I’ve come across a few instances of validity affecting accessibility. The last one was a malformed definition list, that rendered fine visibly, but was invisible to JAWs.

In some browsers invalid hacks can cause the rest of the style sheet to be ignored. Although most of these are caught visibly, I think it’s a useful check for people on alternative browsers.

For invalid CSS that is useful (for a particular browser, ahem, IE), I would stick it in a sheet from a conditional comment so only those with that browser have to download it…

Comment by Bruce

Cheers Alistair: the malformed definition list: do you mean the html was invalid? (I’m not understanding how this example shows that valid css is an accessibility requirement).

You say “In some browsers invalid hacks can cause the rest of the style sheet to be ignored.” – do you have a reference to which browsers and which hacks these are? (And are disastrous bugs like a combination of characters causing rendering failure/ browser crash accessibility problems, except in the least-technical sense of the word?)

The argument against requiring people to use conditional comments is that they themselves are against specification (although they validate fine, and the argument isn’t a particularly compelling one to me).

Comment by ppk

“inherent inaccessibility in this use of the noscript element.”

The problem with noscript is old JavaScript browsers. Take Netscape 4 – it doesn’t support modern W3C DOM JavaScripts, but as soon as you use the noscript tag you ask it “Do you support JavaScript at all?”, and it’ll answer Yes, since by its own lights it supports JavaScript.

So the few remaining Netscape 4 users will not get the scripted interface, but neither will they get the noscript interface. That makes the site inaccessible.

True, this group of users is not very large, but it’s often relatively easy to avoid use of the noscript tag.

I’m not sure if this is what the WCAG Samurai meant, but it’s the reason I don’t use noscript any more.

Comment by Ian Lloyd

Bruce, to add to what PPK said about older browsers, there’s another scenario:

* Browser is JS capable
* Firewall strips some (or all) external JavaScript

Hence, the content isn’t displayed and the JS does not get triggered.

Comment by bruce

Convincing arguments, ppk and Lloydi.
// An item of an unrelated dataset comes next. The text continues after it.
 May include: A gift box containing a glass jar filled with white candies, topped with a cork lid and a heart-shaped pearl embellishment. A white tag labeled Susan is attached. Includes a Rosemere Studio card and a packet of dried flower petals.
Amended my post to that effect.

(I had said:)

<noscript>

Banning noscript is absolutely correct from a philosophical standpoint. However, it makes life much harder for me, as an author who’s not a scripter. As Chris Hunt writes,

“I use a noscript to hold a link to multimap for those whose lack of JS means they can’t use an inline Google Map. I suppose I could use a div which is hidden by a bit of script instead, but it all seems a bit cumbersome when there’s already an element out there to do the job.”

I do exactly the same and don’t know how to do it with script alone. I’ll continue to do so; I don’t support compromising accessibility to make the web author’s life easier, but I see no inherent inaccessibility in this use of the element.

Comment by Joe Clark

Anyone with enough knowledge to argue about these things (a) isn’t the market for the Samurai Errata and (b) could write their own. It’s one group’s opinion, not yours.

Comment by bruce

Joe, chill out.

As I said above, “I’m going to be uncharacteristically modest and not ask that the Samurai amend their document because I do things differently sometimes. We all do, and that’s OK … Here’s how my personal best-practice differs from that described in WCAG+Samurai”.

This isn’t gladiators, my/ our criticism is constructive.